Doing the soft constraint like you referenced here does bring the mean to essentially 0. This gives the same estimates as penalizing the likelihood when the mean of beta deviates from 0. The soft constraint does take quite a bit longer to sample though.
So it seems either of these approaches work well in my case. I’d be curious how brms handles random effects to push them towards zero, so I may go take a look there out of curiosity. My full model cannot use any built in Stan distributions though.
I also want to confirm, if a random effect in my model doesn’t have a zero mean, that would be a problem right?
No that would not be a problem, though it depends on exactly what you mean.
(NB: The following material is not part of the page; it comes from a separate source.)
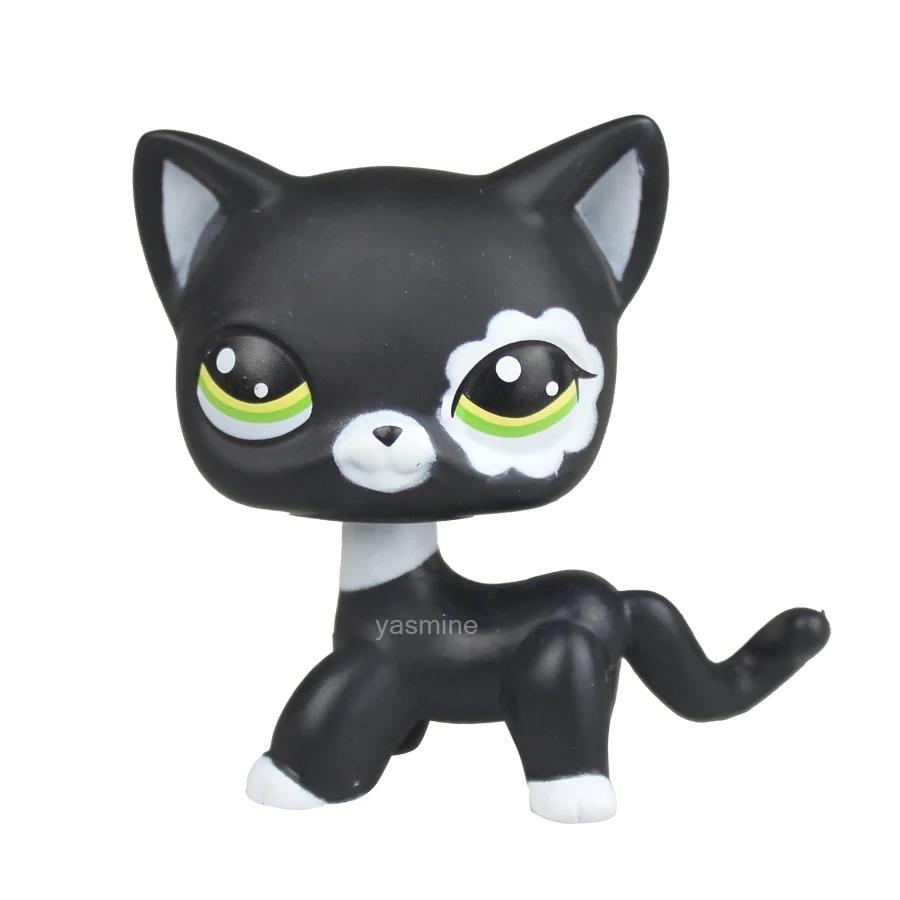Classic Mini Pet Shop Black Short Hair Cat Kitty Figure Toy lps#2249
If the population mean of the random effect is non-zero, such that the levels are drawn from normal with mean mu not equal to zero, then that mean will not be identified from any other intercept terms in the model. Keep things to one single intercept.
If the population mean of the random effect is zero, but there is no constraint on the sample mean, then this is the usual thing that we mean by random effects.
If you enforce that the sample mean of a random effect is zero, then there are some situations where the model might be better identified and marginally faster, but there are very few situations where this gives the inference that you actually want. For example, the linear predictor (leaving out the random effect) no longer corresponds to the population mean, and the variance of the random effect no longer corresponds to the population variance. Unless you have some very specific and nonstandard reason for doing this, don’t do it.
If the mean of my random effect isn’t 0 in the data, but then I force the mean to be 0, what I see happen is that my fixed effect “absorbs” this shift I forced. So if the mean of beta is .05, but I force the estimated mean to be 0, my fixed effect will absorb this .05. My intended interpretation of beta in my model is essentially an error term of the fixed effect. So I estimate a fixed effect, and then beta variance is whatever is unexplained by my fixed effect.
How would this change the interpretation of my parameters compared to just a soft constraint on beta?
In a standard linear model, for simplicity without covariates, the residual is like an error of the fixed effect intercept. That doesn’t mean that you would want to peg the estimate of the intercept to the sample mean with no uncertainty by forcing the sample mean of the residuals to equal zero. Just be aware that this is exactly analogous to what you are doing when you force the sample mean of the random effect vector to be zero. In this sense, the fixed effect predictor no longer provides a well calibrated estimate of the population mean.
Edit: this is equally true if you soft-constrain the mean to be zero. The standard thing that people mean when they talk about random effects is a parameter given a prior that is a normal distribution with mean zero and some hyperprior on the scale, with no additional constraint, hard or soft, on the sample mean.